Per the directive by the regulator, the refinery is expected to ensure that the products in question were evacuated from the retail outlet of Puma, return the products to the refinery for correction through the BDCs that marketed the product, and compensate Puma with products that are acceptable quality per quantities returned through the BDCs involved.

A source at the NPA, disclosed this to Energy News Africa via the telephone.

This comes after two energy sector think tanks– Institute for Energy Security (IES) and COPEC–raised concerns that the refinery had sold products that did not meet industry standards.

The regulator responded via a press statement and clarified that the issue had to do with the vapour pressure of the gasoline from the refinery and not all their products as reported.

The statement mentioned that a sanction had been imposed on the refinery without giving details on the level of the said sanction.
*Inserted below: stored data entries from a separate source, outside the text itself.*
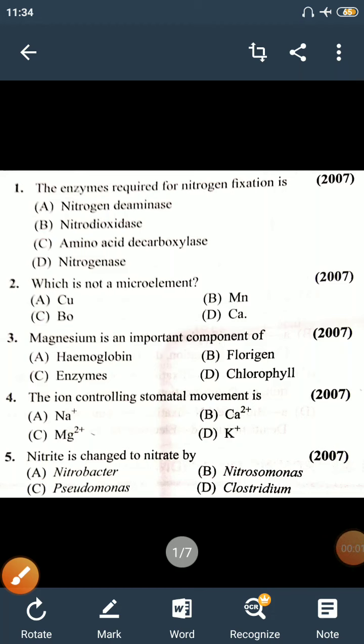Hello Commandos. I am Sanjay Divedi with a new chapter for exercise. The chapter is Mineral Nutrition and Plant Physiology. In this class, you will be able to learn Mineral Nutrition, which is a chapter of Plant Physiology, from the NEET exam perspective.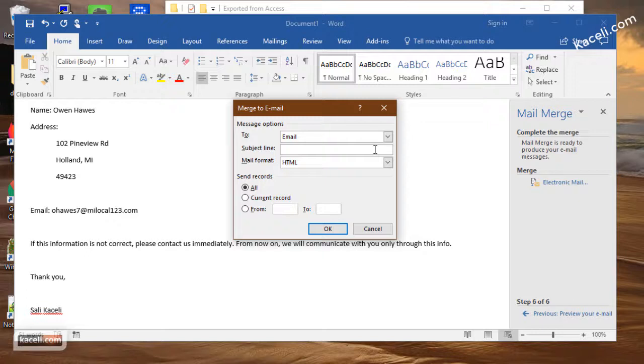So that's how you do a mail merge and an email merge. You can also do labels from Microsoft Access if you need that as well.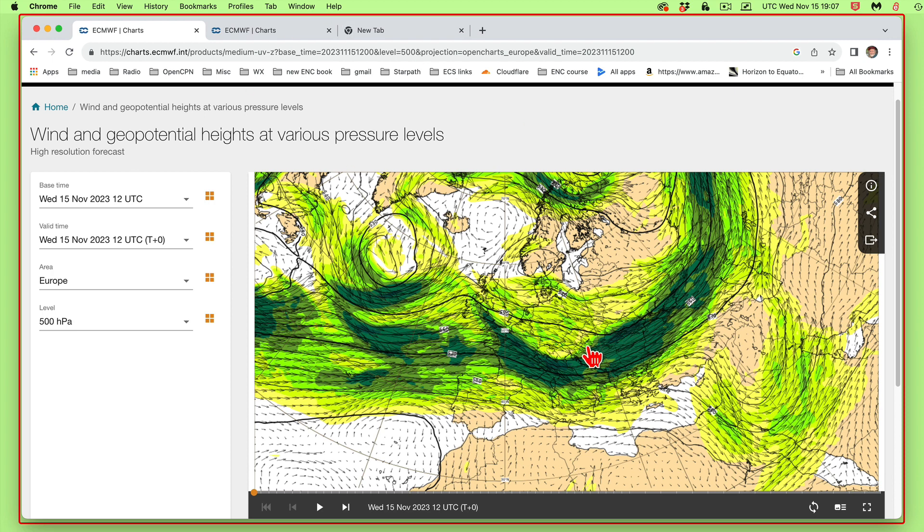Now it's for this model. It would be nice to have the same thing for the GFS model, but we don't have that now. We have some nice displays, but not nearly as slick as this one.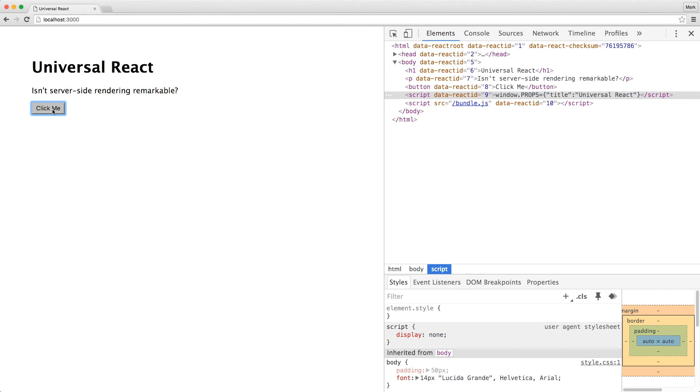So let me leave you with some food for thought. For those who dislike polluting the global scope, you could also store the props inside a data attribute. But just so you know, there's a hard limit to the amount of data that can be stored inside the attribute. And that's all it takes to pass props in a universal React app.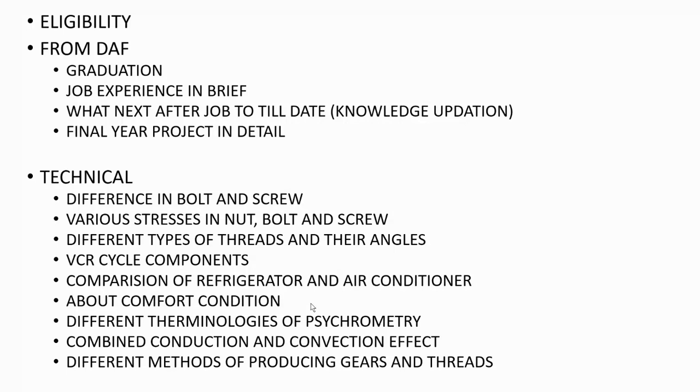Then they gave me one question - if I want to make a 40mm PCD gear, which method I want to choose for minimum cost, so I told them. Next question was about single point cutting tool, their terminology, how it works, why it is called single point cutting tool.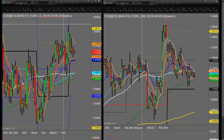Looking at the Euro Dollar first, as you can see we're pretty consolidated in the price levels at the moment. We still haven't really taken any real significant direction, although there is a series of lower highs and lower lows, which is potentially pointing to the downside.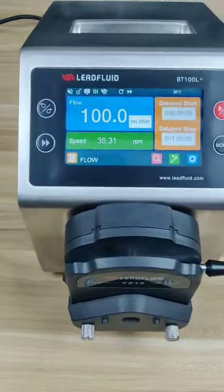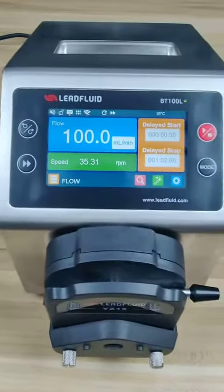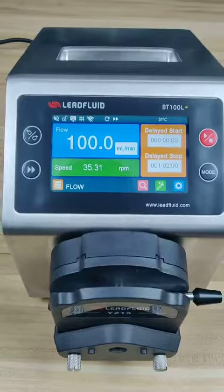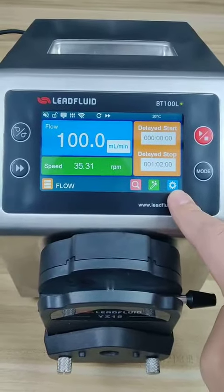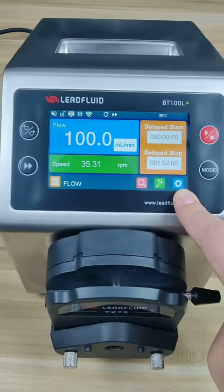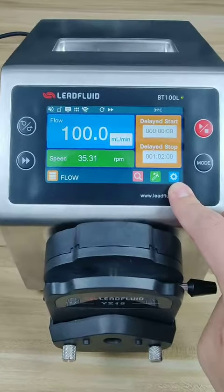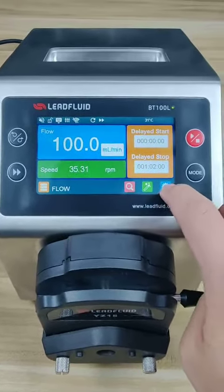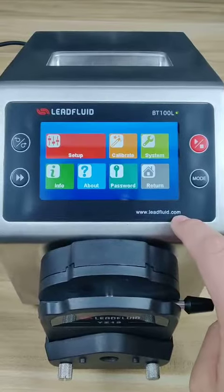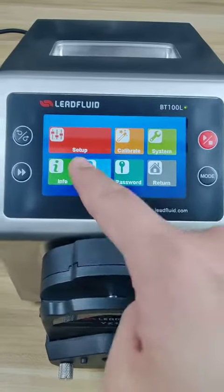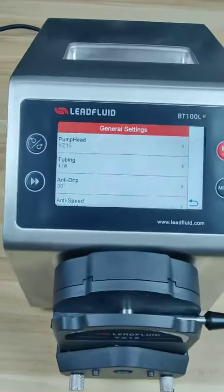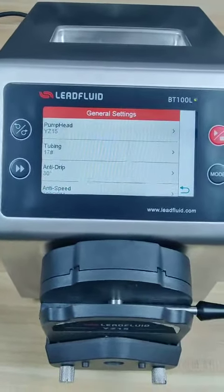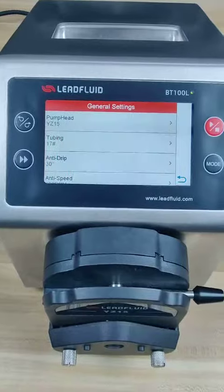First, when you start this pump for use, you should set some parameters in the settings. Press this button. In the setup, you should choose your pump head and tubing.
However that did not meet the expectations of the two thinks–IES and COPEC–who issued a joint statement to demand disclosure about the level of sanction imposed on the refinery.

“NPA, in insisting Sentuo Refinery has acquired all due licences to enable it to put products onto the Ghanaian market, is also entreated to publish both the Commercial Licences so granted and the Quality Assurance Certificate on the petroleum consignment in question, for the sake of transparency, and dispelling industry and consumer fears that the refinery is in a hurry to side step some regulatory protocols meant to ensure no rules of safety are bent using apparent arm twisting as we currently seeing.

“The NPA must be made aware of the fact that any such sanctions on the Chinese refinery must factor due and appropriate compensations to both AOMCs and its members affected by the bad fuel and its attendant challenges on their facilities as well as the consumers who patronised these products and are currently grappling with one issue or the other on their engines,” IES and COPEC said in their statement.

The refinery, last week, admitted that its premium spirit, popularly known as petrol, did not meet the required standard and took corrective measures to address the issue.

Albert Duncan, a consultant with the refinery, told energynewsafrica.com that they realised that there was a problem with the vapour pressure of the PMS and they took corrective measures to address the issue.

“As we speak, we are selling. It’s only the petrol that had a problem and we have taken steps to correct it,” Mr Duncan said via the telephone.